U.S. Rep. Ted Yoho, R-Fla., was part of a group of congressional leaders who sounded the alarm about freedom of the press in Cambodia last week as two former Radio Free Asia (RFA) journalists are facing charges in that nation.

Yoho was joined by U.S. Rep Adam Schiff, D-Calif., who leads the U.S. House Intelligence Committee and cochairs the Congressional Freedom of the Press Caucus; U.S. Rep. Steve Chabot, R-Ohio, who cochairs the Congressional Freedom of the Press Caucus and the Congressional Cambodia Caucus; U.S. Rep. Alan Lowenthal, D-Calif., who cochairs the Congressional Cambodia Caucus; and U.S. Rep. Brad Sherman, D-Calif., the chairman of the Asia and Pacific Subcommittee.

“Cambodian journalists, Uon Chhin and Yeang Sothearin were charged with ‘illegally collecting information for a foreign source’ simply for publishing a news story three days after the RFA Phnom Penh bureau was forced to close in 2017 following relentless pressure from Prime Minister Hun Sen. These charges are completely manufactured by Hun Sen’s regime and just another attack on the rights and freedoms of the Cambodian people,” the congressmen said in a joint statement.

“Hun Sen has run the country for decades with no intentions of letting the Cambodian people determine the future of their country or protecting their rights. The regime’s recent consolidation of power allows it to continue these abuses, which include attacks against NGOs and the shuttering of critical media outlets like RFA, with impunity. That is why the international community must take a strong stance against these injustices. The Cambodian government should drop these unsubstantiated charges and honor the freedoms of its people,” they added.

Back in July, Yoho got a bill adding sanctions on the Cambodian regime through the House.
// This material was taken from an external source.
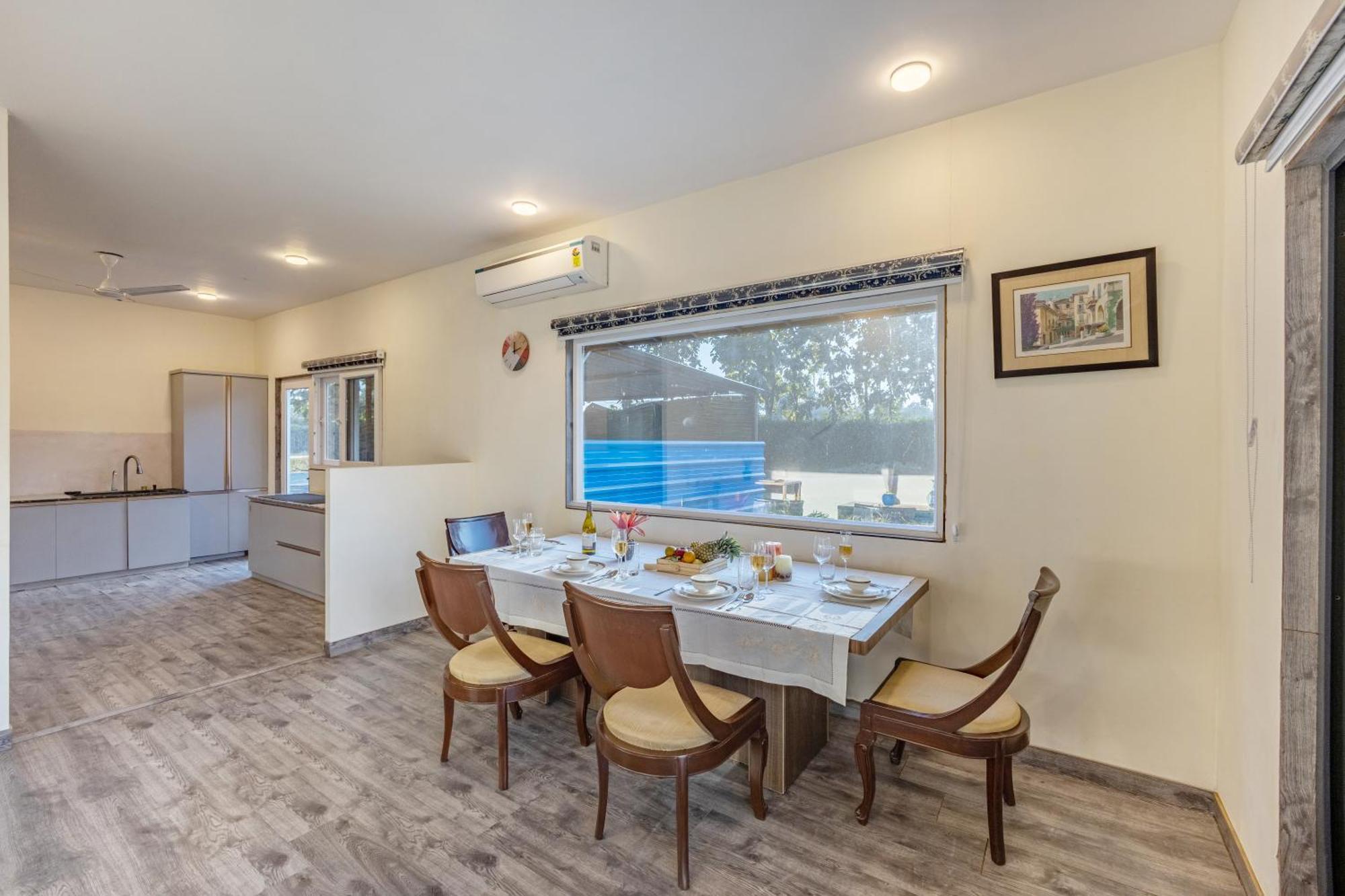 Vila Elivaas Hidden Oasis 4Bhk With Pool, Mud House & Container House Dhauj Exteriér fotografie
The bill adds “sanctions on government, military, or security officials who have undermined democracy in Cambodia or committed related human rights abuses.” Yoho had introduced similar legislation last year which passed the House but did not clear the Senate.

The North Florida Republican weighed in on the resolution after it had cleared the House.

“Today, the House passed the Cambodia Democracy Act of 2019, which I introduced in April,” Yoho said. “This important bipartisan legislation will apply asset blocking sanctions on government, military or security officials who have undermined democracy in Cambodia or committed related human rights issues.

“Hun Sen, Cambodia’s strongman prime minister, has clung to power for decades, and has no intentions of relinquishing power. His regime has used violence, threats, and sham prosecutions to attack the peaceful opposition. In 2017, the regime-controlled Parliament and Supreme Court dismantled the Cambodia National Rescue Party and banned its elected officials from office, eliminating the country’s only viable opposition party,” Yoho added. “The Cambodia Democracy Act of 2019 will push back against the Hun Sen regime’s undermining of democracy and related human rights abuses by applying financial sanctions to the figures who carry out this despicable agenda and codifying the administration’s existing visa restrictions for these individuals.

“I look forward to the bipartisan legislation being sent to the Senate and eventually becoming law. It is time to hold the Hun Sen regime accountable for their actions,” Yoho said in conclusion.

Yoho reeled in some of the leading members of the House–including U.S. Rep. Eliot Engel, D-NY, who chairs the U.S. House Foreign Affairs Committee and U.S. Rep. Michael McCaul, R-Texas–to back his proposal.